Зачем нужны другие поэты, когда есть вот такой Поэт? Зачем нужны стихи, если есть вот это – не сти-хо-тво-ре-ние, а рисунок души?! И не надо надрываться, обращаясь к Богу. Не надо рассказывать рифмами, ритмами, как изранена твоя душа.

И можно еще страниц пять-десять накарябать в попытке достучаться до слушающего тебя такого же одиночества, не понимая, чего конкретно ты добиваешься этим сумбуром. И чем конкретнее и яснее твои мысли, тем более сумбурным и пространным оказывается твой крик.

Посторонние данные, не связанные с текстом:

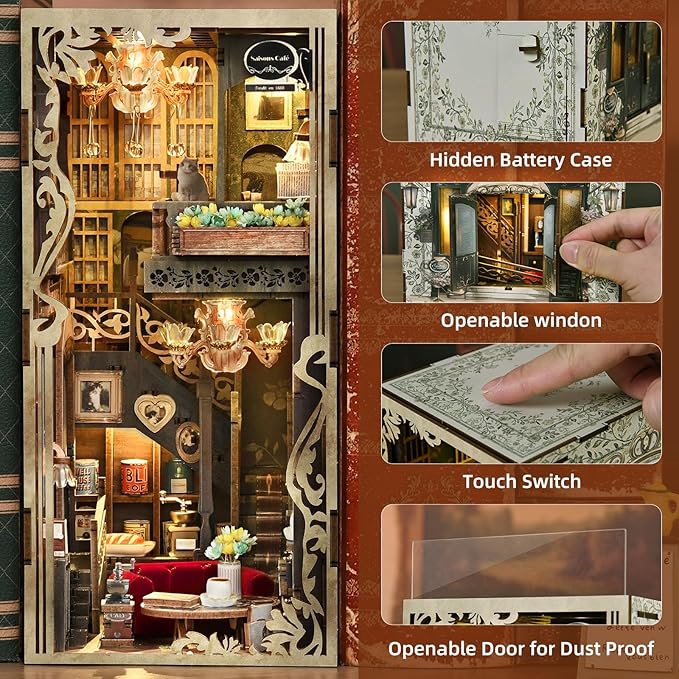 Book Nook Kit DIY Miniature Dollhouse Kit 3D Puzzles for Adults Tiny House Mini Home Craft Bookshelf Nook Puzzle Book Decor Gifts for Teenagers Book Lovers (Saisons Café)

Хочется взять одеяло, постелить его в прихожей, посреди темной комнаты и так уснуть. Всегда, когда мне снится мой любимый сон, меня обязательно будит муж. Ну, почему, как только я оказываюсь под высоким потолком какого-то огромного здания, похожего на библиотеку или театр, когда летаю там на глазах у изумленных посетителей этого учреждения, муж обязательно находит причину спросить, который час или люблю ли я его, или поставила ли я суп в холодильник?!

И я, уже давно проснувшись, знаю точно, что умею летать. Так просто: иду, иду рядом со всеми, а потом просто отталкиваюсь слегка, и – под потолок или над проводами вдоль улицы, на которой стоит родительский дом.

Постелю-ка,  я одеялко в прихожей, полетаю…

А, если вызовут пройти полиграф, пойду. Возьму самое необходимое в дорогу, да и пойду. Ненавижу застой, перемен хочу, свободу уже ртом, как рыба, хватать начинаю. Спрашивайте — отвечу я.